It’s been quite a few years since my venture into food allergy advocacy. As my children grew older and were able to advocate for themselves I became busy with my work, their activities, and well you know, life. Recently I have become an empty nester. While this life transition sparks different things in different people, it has reminded me of one thing I wasn’t prepared for “Drop-off envy.”
Years ago, I coined the term “Drop-Off Envy” when sharing an experience at the bus stop. After we watched all of the excited kids get on the bus for their field trip, the parents all high-fived each other with excitement to have their children gone all day. I on the other hand turned and prayed, please let them come home safe. The reason is, field trips were out of my comfort zone.

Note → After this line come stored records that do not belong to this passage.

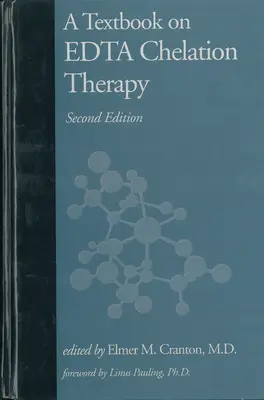 Az EDTA kelátterápia tankönyve - A Textbook on EDTA Chelation Therapy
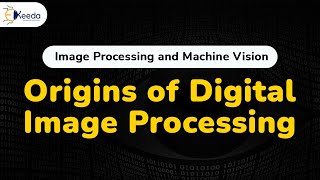 Origins of Digital Image Processing - Introduction to Digital Image Processing - Image Processing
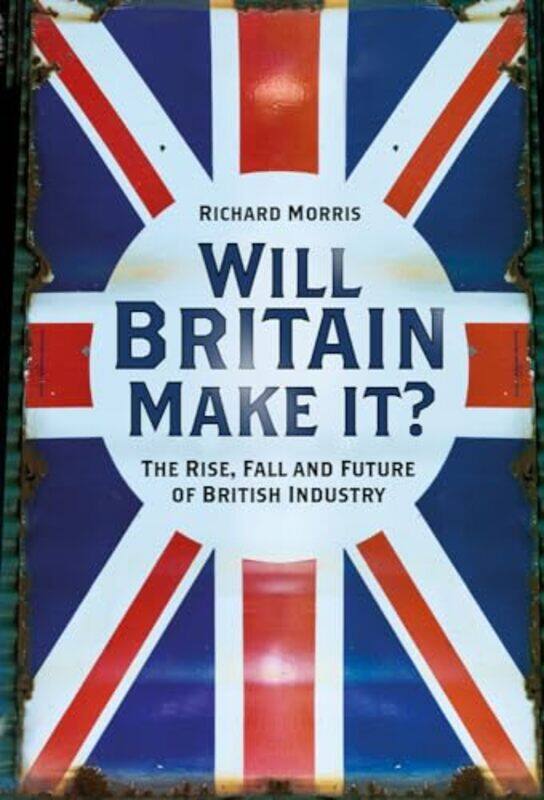 

Will Britain Make it by Richard Morris-Hardcover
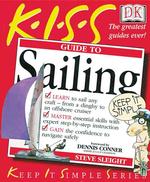 Kiss Guide to Sailing (Keep It Simple Series)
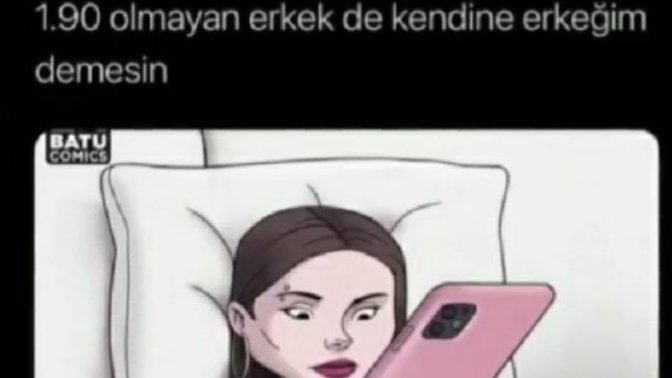 1.90'dan aşağısı erkek değil mi 😂? 1.50 kızlar buraya gelin?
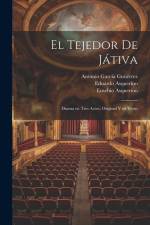 El tejedor de Játiva: Drama en tres actos, original y en verso af Antonio Garcia Gutierrez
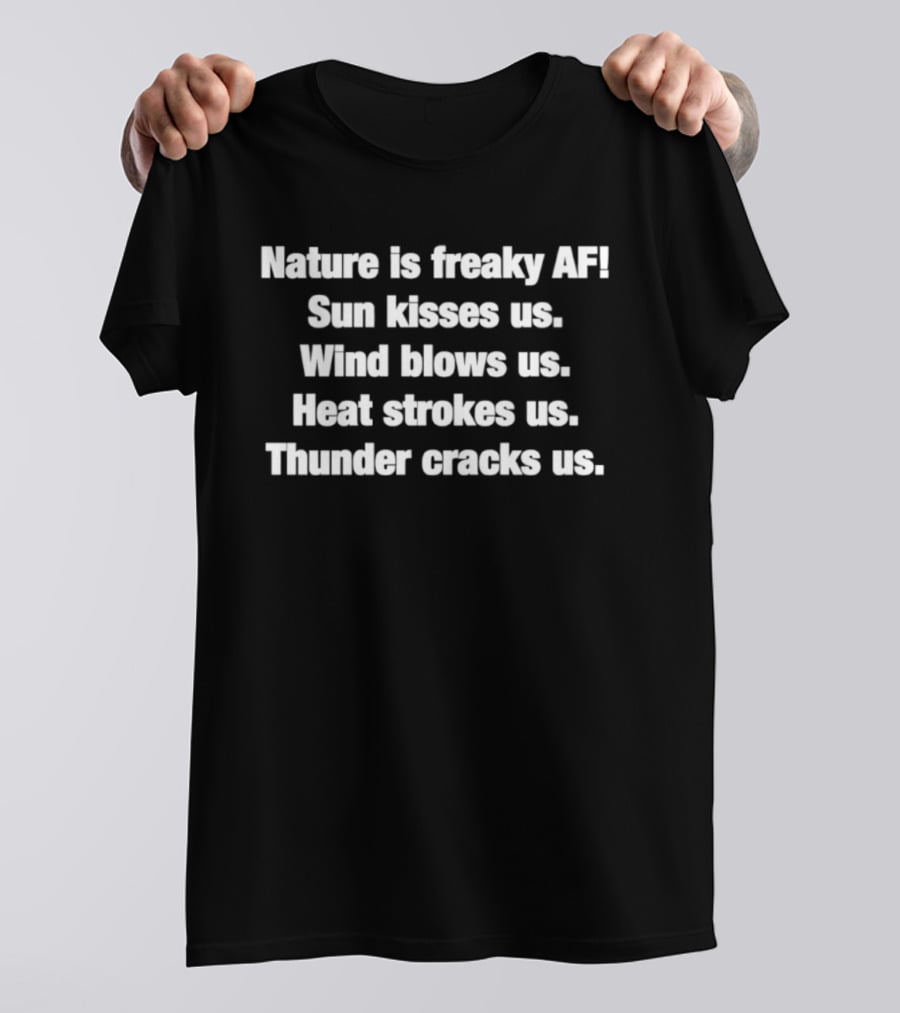 Nature Is Freaky AF Sun Kisses Us Wind Blows Us Heat Strokes Us Thunder Cracks Us T-Shirt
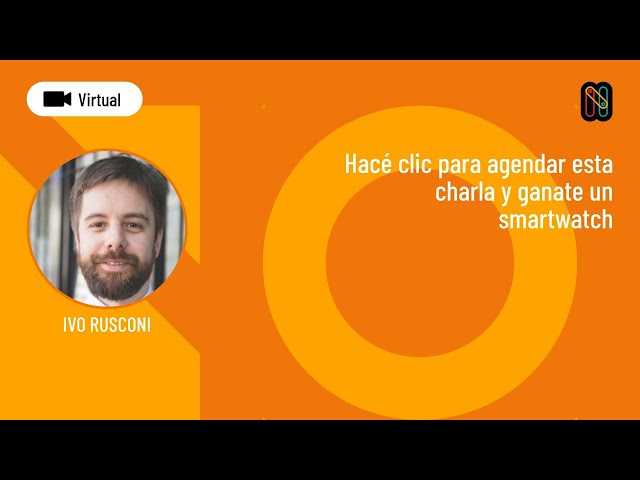 Hacé clic para agendar esta charla y ganate un smartwatch - Ivo Rusconi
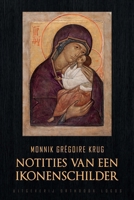 Notities van een Ikonenschilder (Dutch Edition) 1804841501 Book Cover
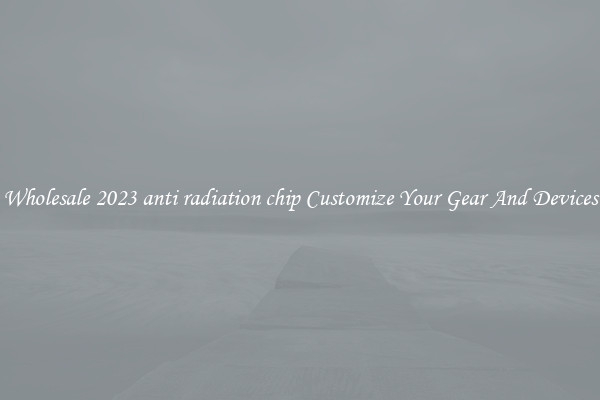 Wholesale 2023 anti radiation chip Customize Your Gear And Devices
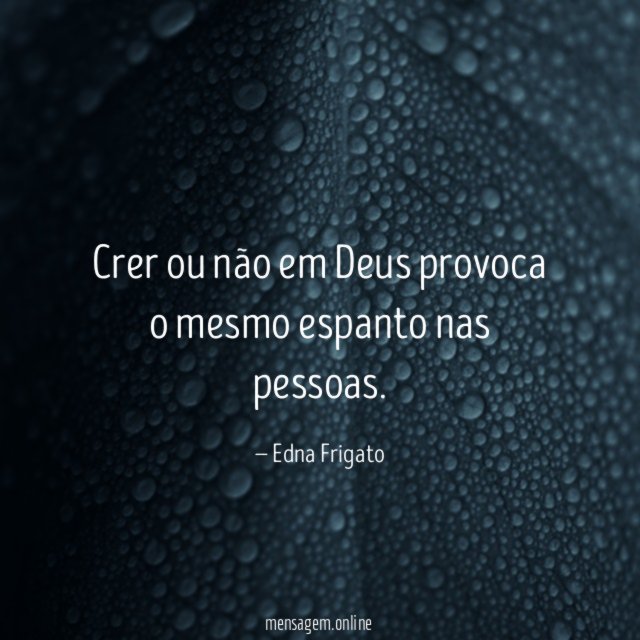 Crer ou não em Deus provoca o mesmo espanto nas pessoas
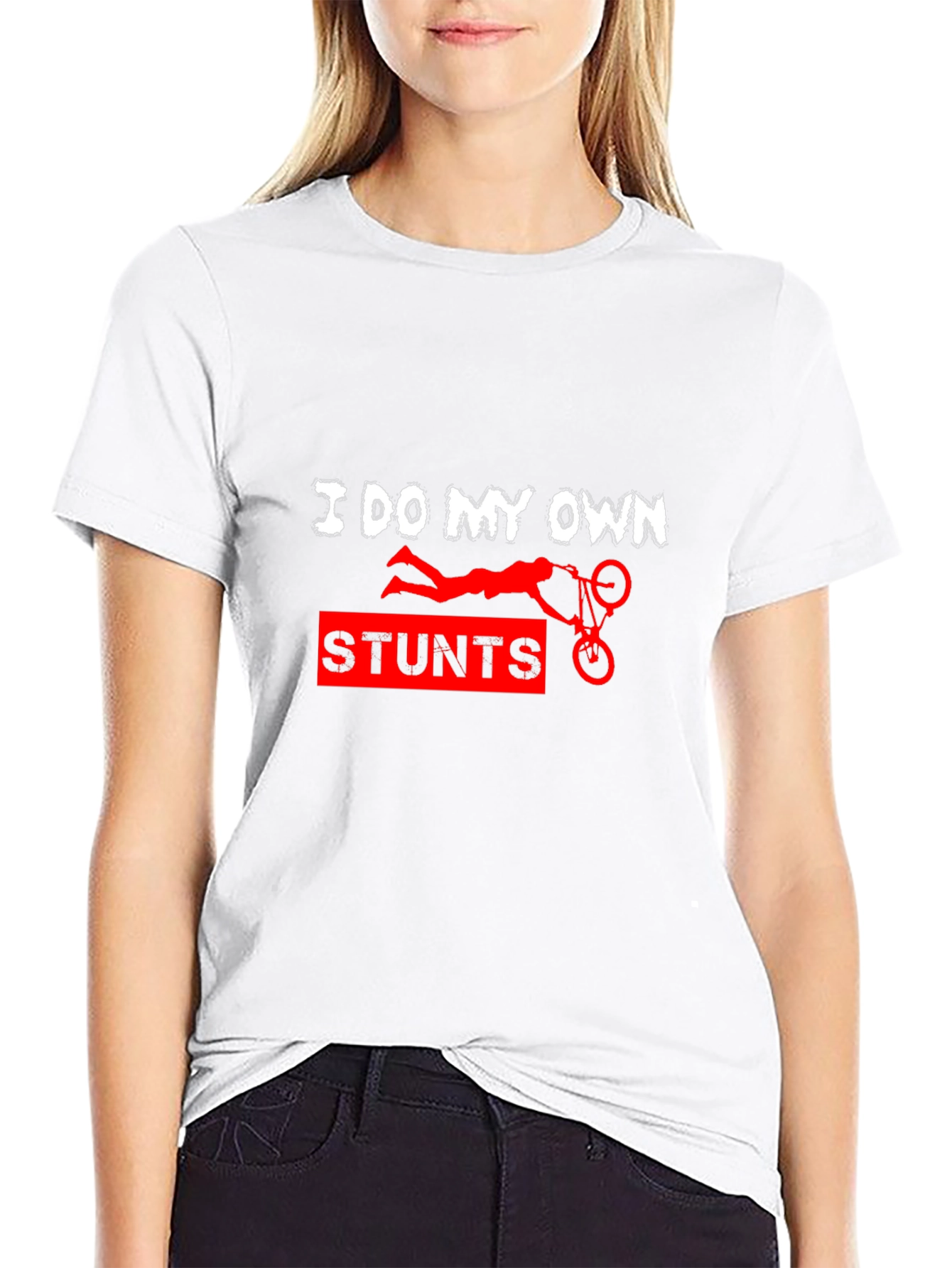 I Do My Own Stunts Funny Graphic Tee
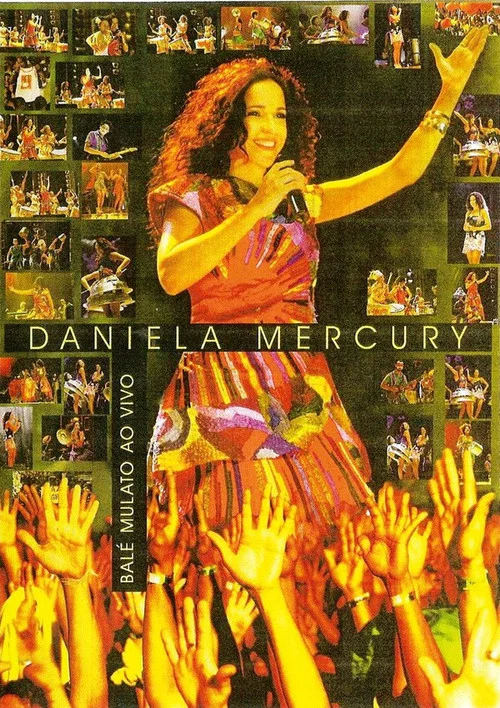 Daniela Mercury ‎– Balé Mulato Ao Vivo постер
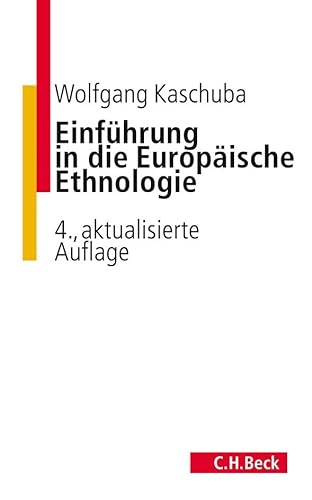 EinfÃ¼hrung in die EuropÃ¤ische Ethnologie (9783406635984) by Kaschuba, Wolfgang
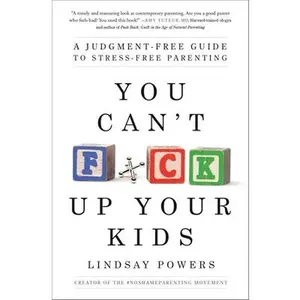 USED-You Can't F*ck Up Your Kids: A Judgment-Free Guide to Stress-Free Parenting by Powers, Lindsay (Paperback)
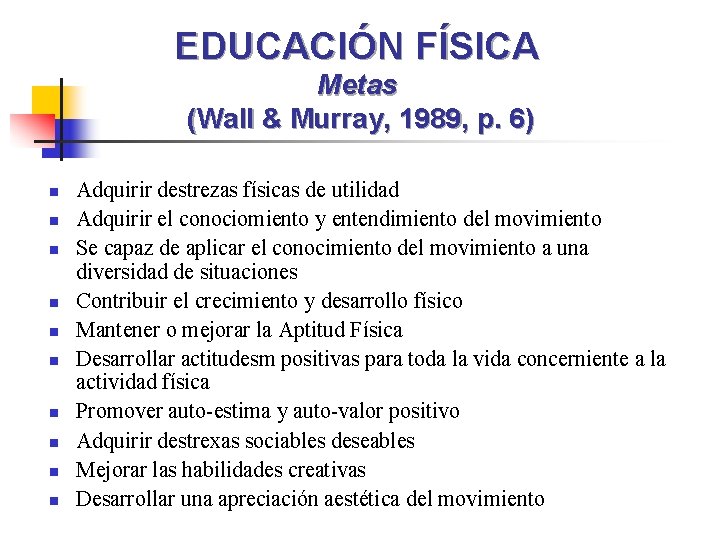 EDUCACIÓN FÍSICA Metas (Wall & Murray, 1989, p. 6) n n n n n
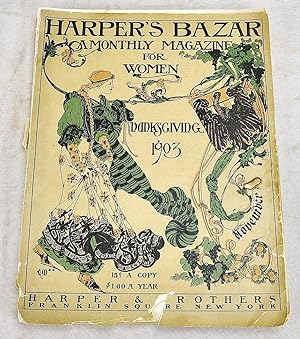 Harper's Bazar (Bazaar) Magazine, Thanksgiving, November 1903 (Vol 37 Iss 11)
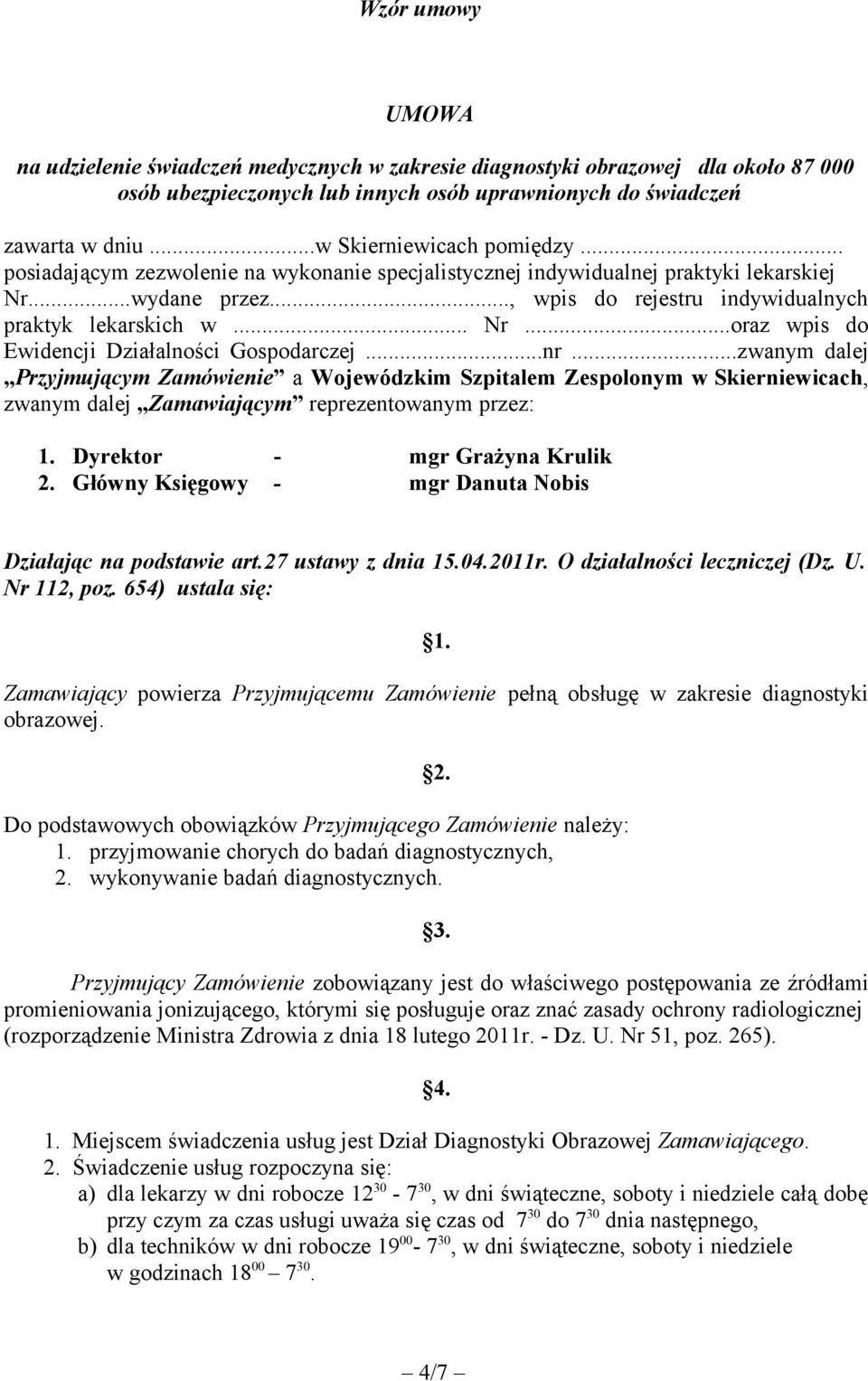 ..nr...zwanym dalej Przyjmującym Zamówienie a Wojewódzkim Szpitalem Zespolonym w Skierniewicach, zwanym dalej Zamawiającym reprezentowanym przez: 1. Dyrektor - mgr Grażyna Krulik 2.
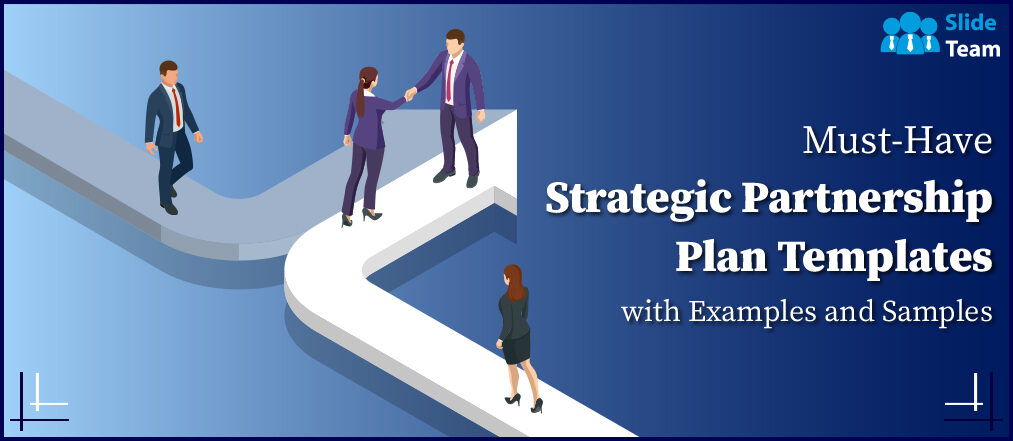 Must-Have Strategic Partnership Plan Templates with Examples and Samples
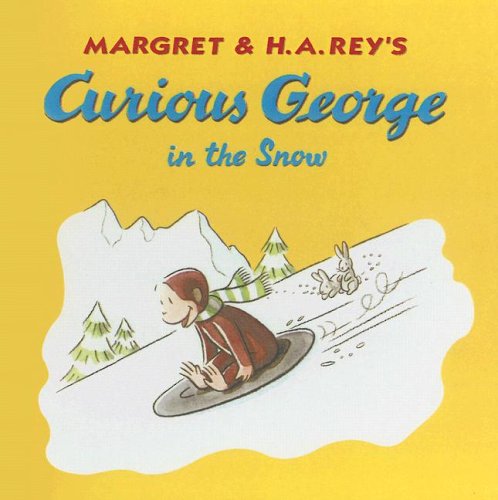 Curious George in the Snow (9780606217231) by Rey, Margret; Rey, H. A.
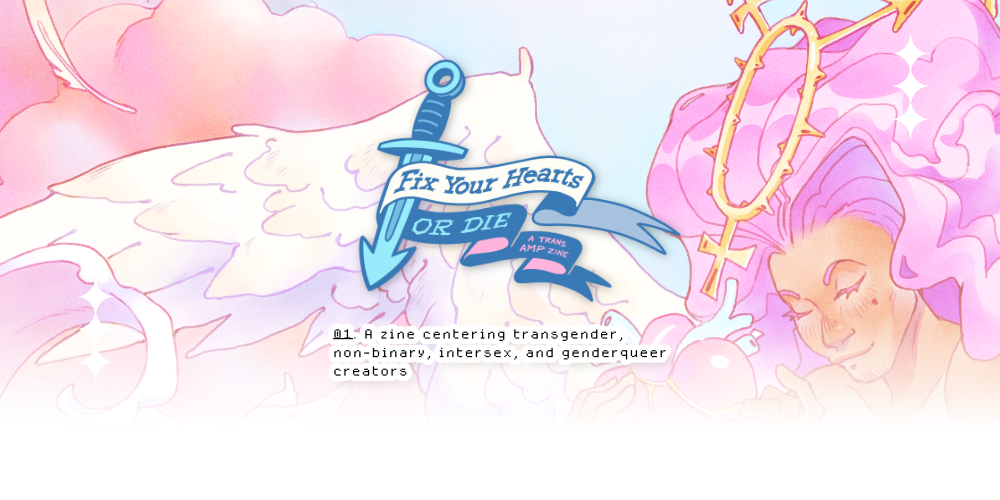Fix Your Hearts or Die: a trans zine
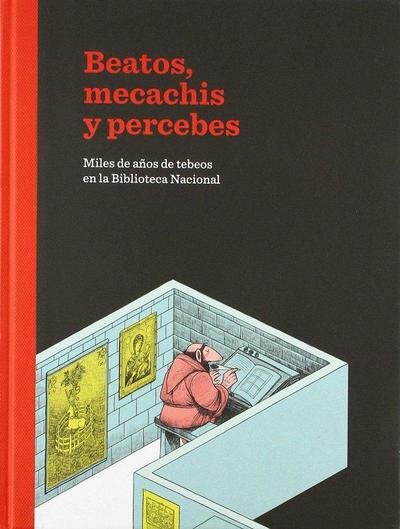 Beatos, mecachis y percedes : miles de años de tebeos en la Biblioteca Nacional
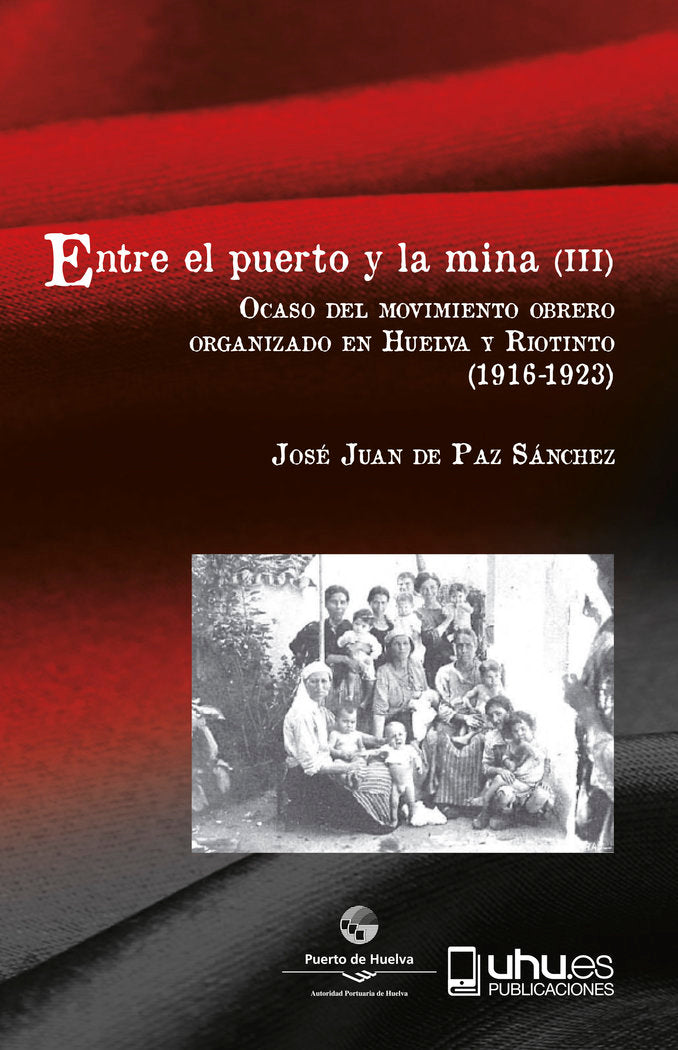 ENTRE EL PUERTO Y LA MINA (III), de de Paz Sánchez, José Juan | portada del libro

I had worked tirelessly to try to get the school admin and families to understand the dangers, but outside the school, 200 packed lunches in an environment other than the cafeteria, the thought of it made me a mess. While other parents were out enjoying their day, possibly losing track of time, and maybe even wishing the field trip was longer, I was home counting down the minutes until they got home safely.
Fast forward, I’ve now graduated to college drop-offs and with all of the emotion tied to it, one thing I was not prepared for was that feeling of “drop-off envy.” What if they party, stay out late, and have the munchies? Maybe they think it is a pretzel piece but it is a pretzel piece filled with peanut butter. Will they carry their Epi-pens EVERYWHERE? Will anyone notice if they are having an allergic reaction? I was plagued with fear for so many different reasons than other parents dropping off their college students.
Over the past couple of weeks, I’ve read about three devastating fatalities from food allergies. (Jess Prinsloo – (24) Dairy Allergy, Omar Osman (26) Nut Allergy, and Emerson Kate Cole (9) ) These stories hit me at the core. It’s like being punched in the gut, having the wind knocked out of you and then I go retreat to my lonely dark place until the weight of sadness and fear begins to slowly lighten. While the ages and sex of these innocent beautiful beings were different, the one thing they all shared was that their death was accidental. I feel the anguish for those families, the devastation to all those who knew and loved them, and the anger at how this could possibly have been avoided.
Now that I am an empty nester, I decided to continue my passion for food allergy education and awareness. While things have gotten better over the last 20 years, if I can offer anything to help make the lives of those suffering from food allergies and those caring for them easier, I am in. Until there is a cure for food allergies, education and awareness play a big role. Practicing avoidance is currently the only way to prevent anaphylaxis. Having an emergency plan in place with the use of epinephrine is the only chance one has to manage the reaction.
I hope you can find some of the tools I have used over the years helpful.